• _Given material_:
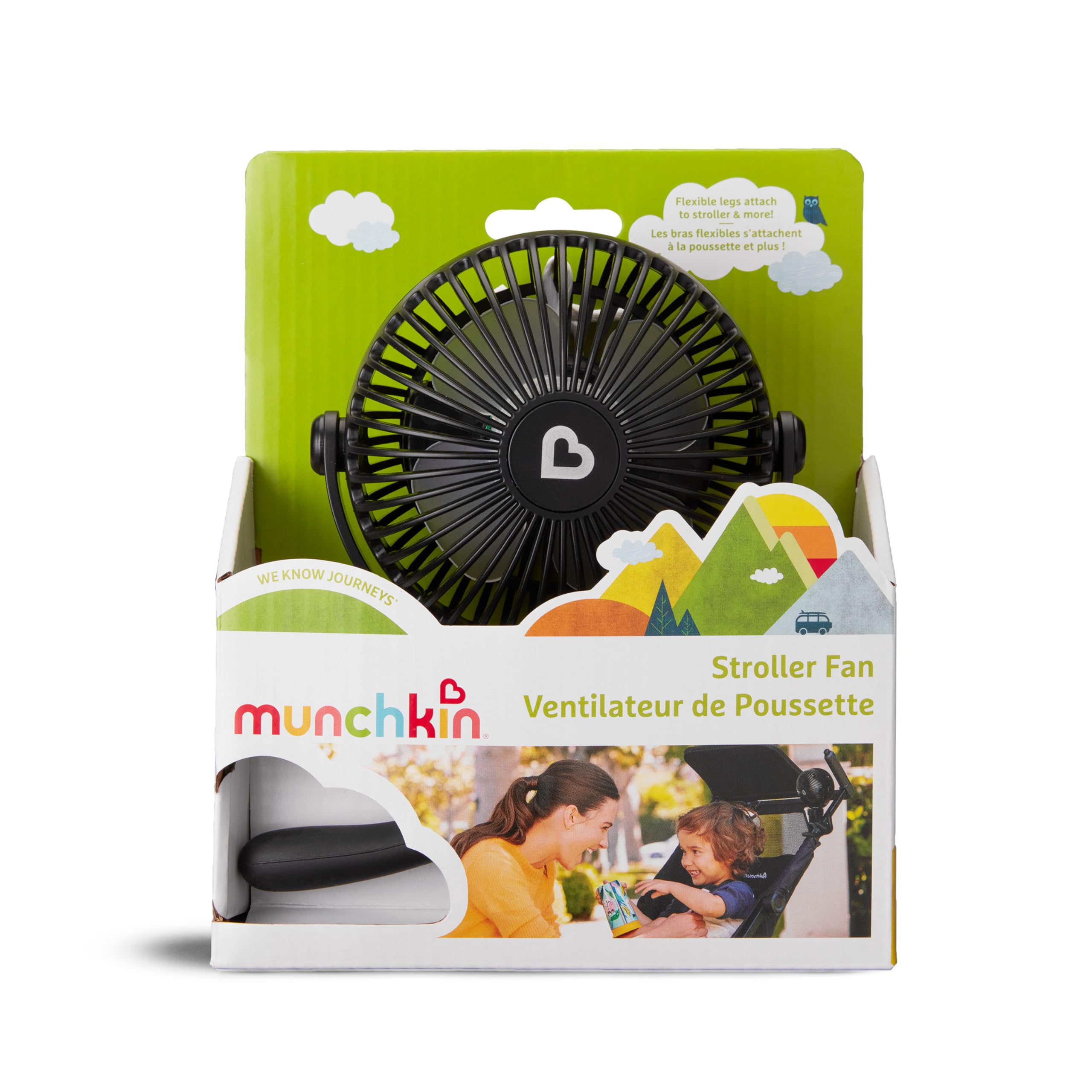 munchkin-kinderwagenventilator-360-mini-ventilator-mit-led-licht-4-geschwindigke image 7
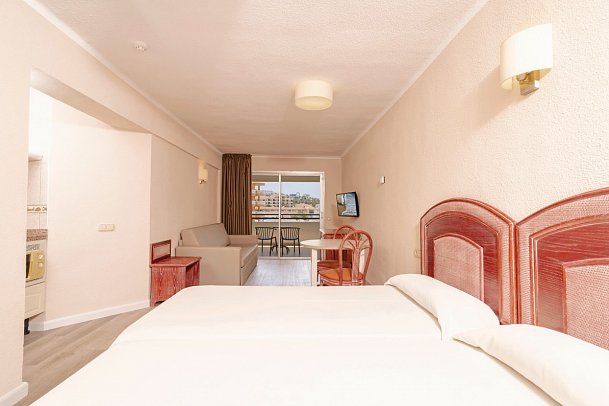 HOVIMA Santa Maria - Wohnbeispiel Studio Komfort (Zimmercodierungen SF1, SF2 & SC1)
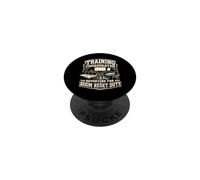 Training Coordinator Reporting For Room Reset Duty PopSockets Adhesive PopGrip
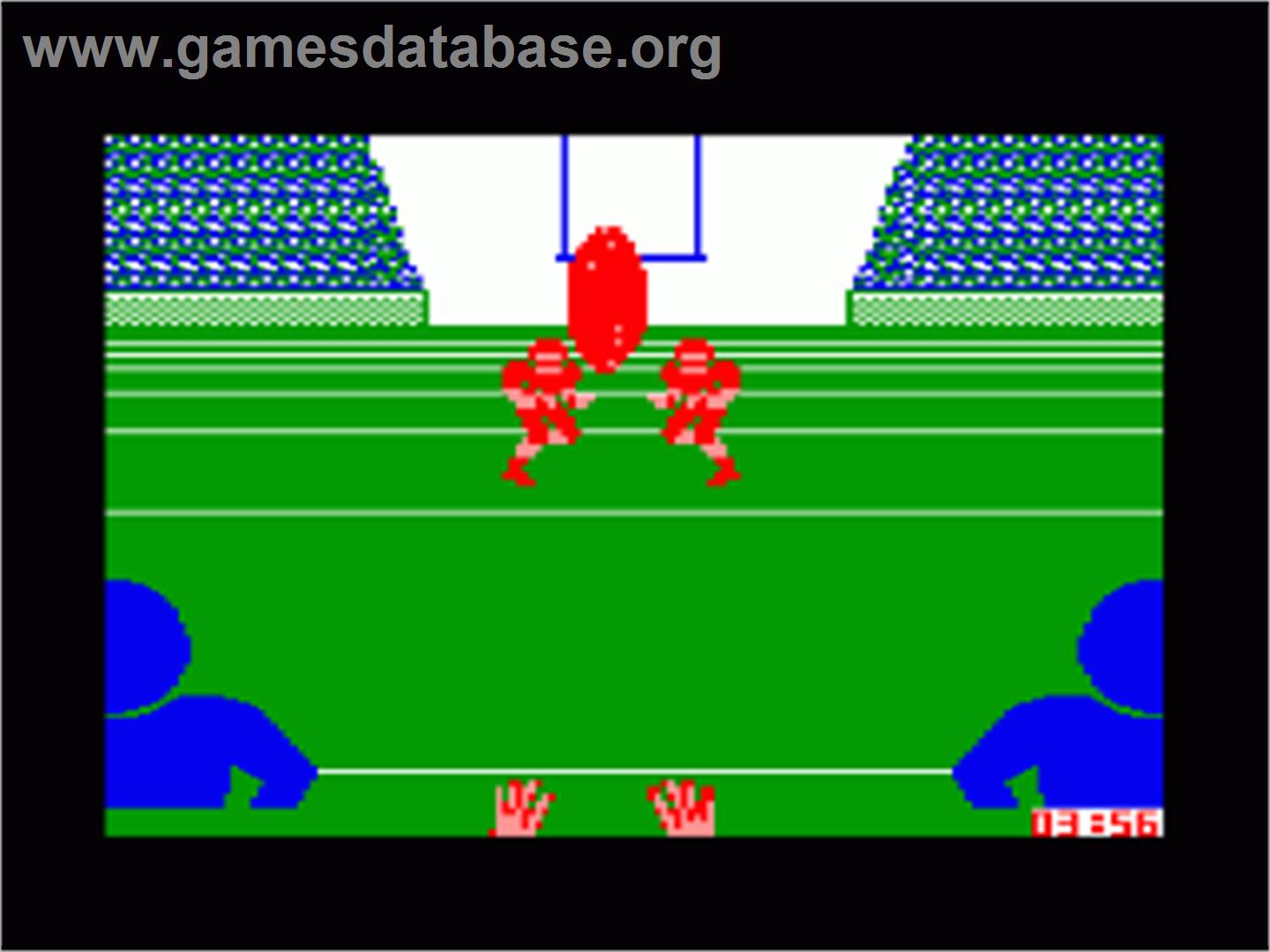 GFL Championship Football - Amstrad CPC - Artwork - In Game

• _What is expected_:
Give the data above again in full and unchanged, skipping the pictures.

• _Solution to the problem_:
 munchkin-kinderwagenventilator-360-mini-ventilator-mit-led-licht-4-geschwindigke image 7
 HOVIMA Santa Maria - Wohnbeispiel Studio Komfort (Zimmercodierungen SF1, SF2 & SC1)
 Training Coordinator Reporting For Room Reset Duty PopSockets Adhesive PopGrip
 GFL Championship Football - Amstrad CPC - Artwork - In Game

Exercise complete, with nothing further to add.